1. The Contractual Incapacity of Minors
Incapacity due to infancy is especially benign for the incapacitated party as it provides the legal equivalent of a unilateral option for enforcement at the discretion of the minor involved. This incapacity has existed for centuries in the common law. (93) Though the criteria have changed over time and jurisdiction, the general rule still observed in the Restatement (Second) of Contracts is that contracts entered into prior to the day preceding the individual's eighteenth birthday are voidable. (94) Apparent age, maturity, intellectual capacity, and waivers are insufficient to remove the incapacity. (95) Likewise, unless otherwise statutorily mandated, neither emancipation nor marriage removes the incapacity. (96)
Like membership in the groups involving status below, membership in the group of individuals deemed minors is involuntary, arbitrary, (97) and temporarily immutable. Unlike status, the purpose for the contractual incapacity is paternalistic in the sense that minors require the assistance of the legal system to protect them from executing unwise agreements. (98) The incapacity is not, however, absolute.

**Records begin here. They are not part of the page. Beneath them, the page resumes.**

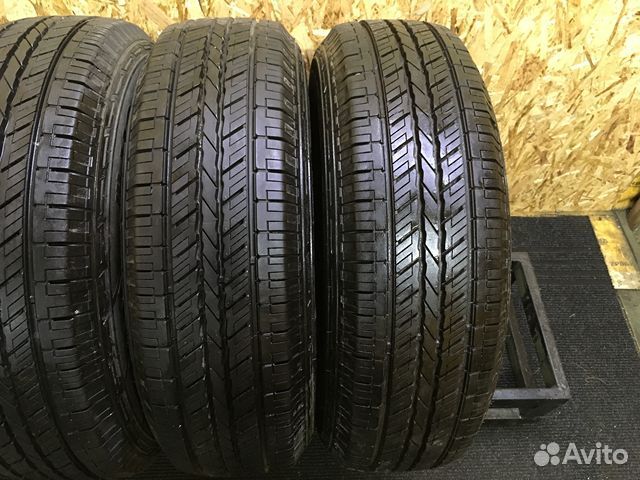 Hankook Dynapro HP RA23 215/70 R16 100H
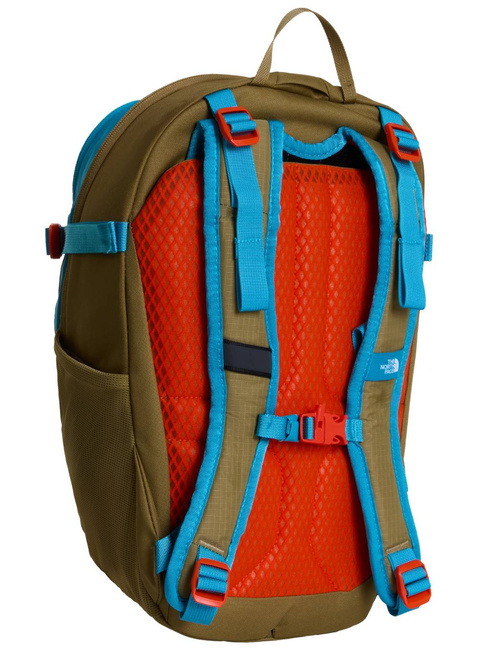 Plecak miejski The North Face Basin 15 - tnf blue / eagle blue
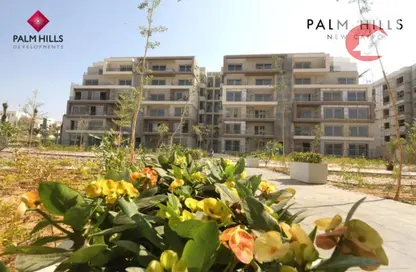 Penthouse - 3 Bedrooms - 3 Bathrooms for sale in Palm Hills New Cairo - 5th Settlement Compounds - The 5th Settlement - New Cairo City - Cairo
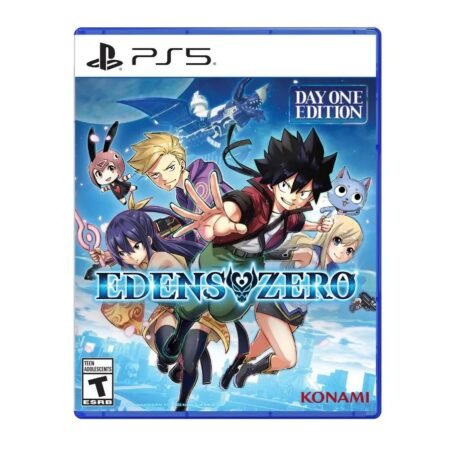 Edens Zero Day One Edition PS5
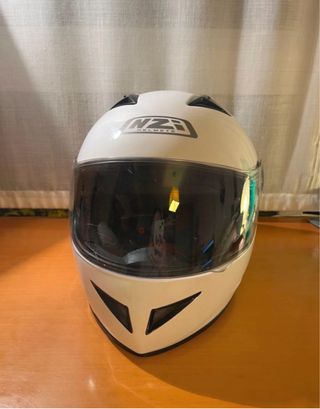 Casco de moto NZI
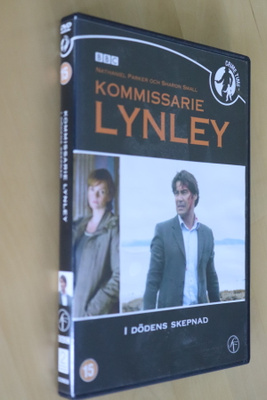 DVD Komisario Lynley In the Guise of Death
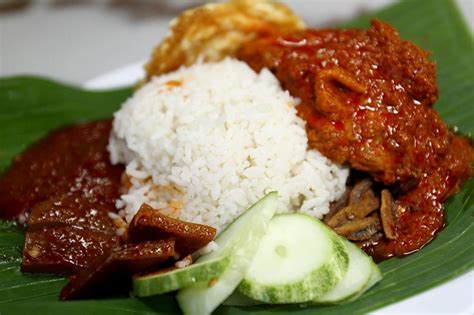 Simak Cara Membuat Nasi Lemak Khas Malaysia Ini Resep Rahasianya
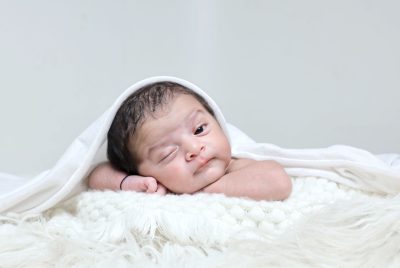 newborn that won't sleep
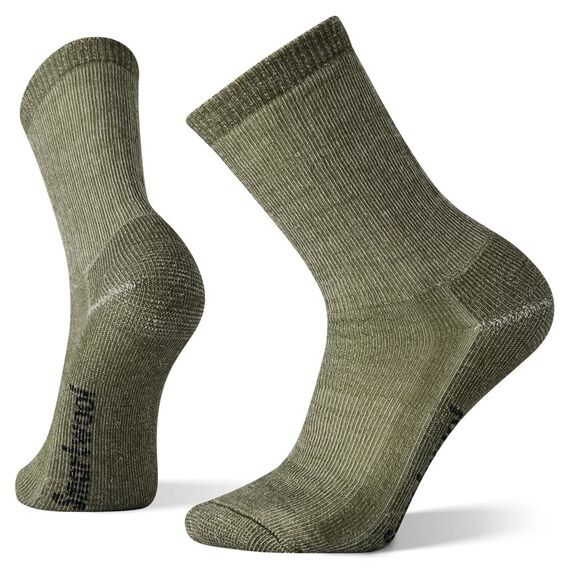 SMARTWOOL skarpety turystyczne długie za kostkę U'S Hike zielone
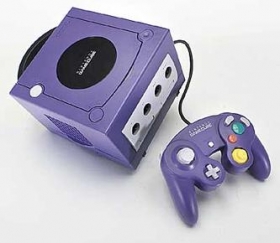 Console de jeu Nintendo Game Cube Vends Console GameCube avec jeux.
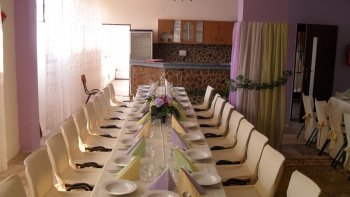 Ubytovanie a služby obce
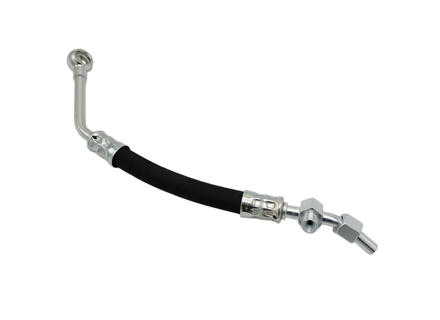 Tensioner kit oil feed pipe for early engines Porsche 911 - 93010591100, 93010591200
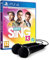 Let's Sing 13+ 2 micros - PlayStation 4 [Edizione: Spagna]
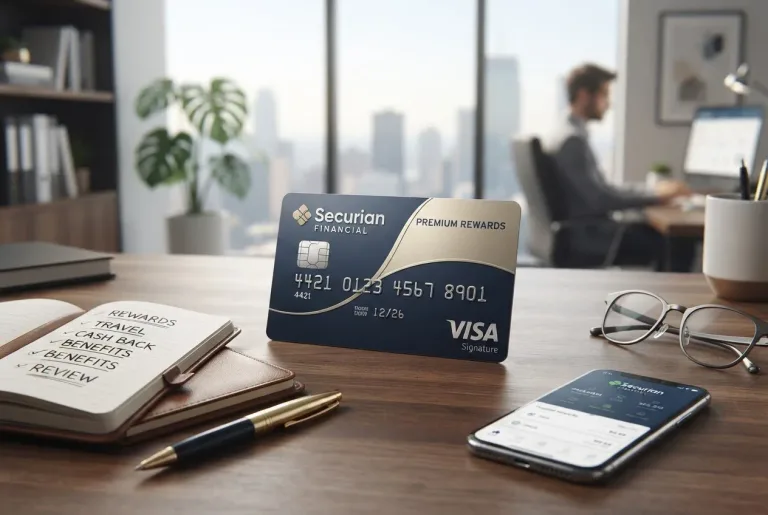 Featured image for: Securian Financial Premium Card Review: Best Perks and Benefits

Minors can enter into binding contracts for "necessaries," (99) as well as a few other limited categories. (100) Lord Coke defined necessaries to include: "necessary meat, drinke, apparel, necessary physicke, and other such necessaries, and likewise for ... good teaching or instruction whereby [the minor] may profit himselfe afterwards." (101) However, even for necessaries, the doctrine of incapacity is based on the protection of the supposedly weaker contracting party. Minors' contractual liability is limited to the fair value of the necessaries received, and as such is more a quasi-contractual liability based on theories of unjust enrichment than on contractual obligations. (102) In any event, this incapacity exists to protect the affected party rather than to deny the party any fundamental right.
2. Mental Incapacity to Contract
The other principal grounds of incapacity in modern times are based on one's mental ability to understand the nature and consequences of one's actions. (103) Similar to the incapacity of minors, this incapacity was developed for the protection of the incapacitated individuals. The Restatement (Second) of Contracts established similar tests for both incapacity based on "mental illness or defect" as well as "intoxication." (104)
In both situations the test is whether the contracting individual was "unable to understand in a reasonable manner the nature and consequences of the transaction," or alternatively, "was unable to act in a reasonable manner in relation to the transaction." (105) The alternative, in case of mental illness or defect and not intoxication, also includes the qualifier: "and the other party has reason to know of his condition." (106) Like the doctrine of incapacity based on age, the doctrine of incapacity based on mental illness or defect is an attempt to provide individuals suffering from the incapacity the ability to escape their contractual obligations provided they meet the criteria set forth above. (107)
In one sense, incapacity based on mental defect is much more difficult to establish than that of infancy given that while age is easily proven, cognitive understanding is an amorphous concept at best. (108) Courts have struggled with distinctions between comprehension and volition, (109) and mental illnesses that occur sporadically with lucid intervals. (110) Yet, in another sense, incapacity based on mental illness or defect can include an individual of any age, indeed age may be a principal factor, and could cover voluntary actions as well as with intentional intoxication. (111)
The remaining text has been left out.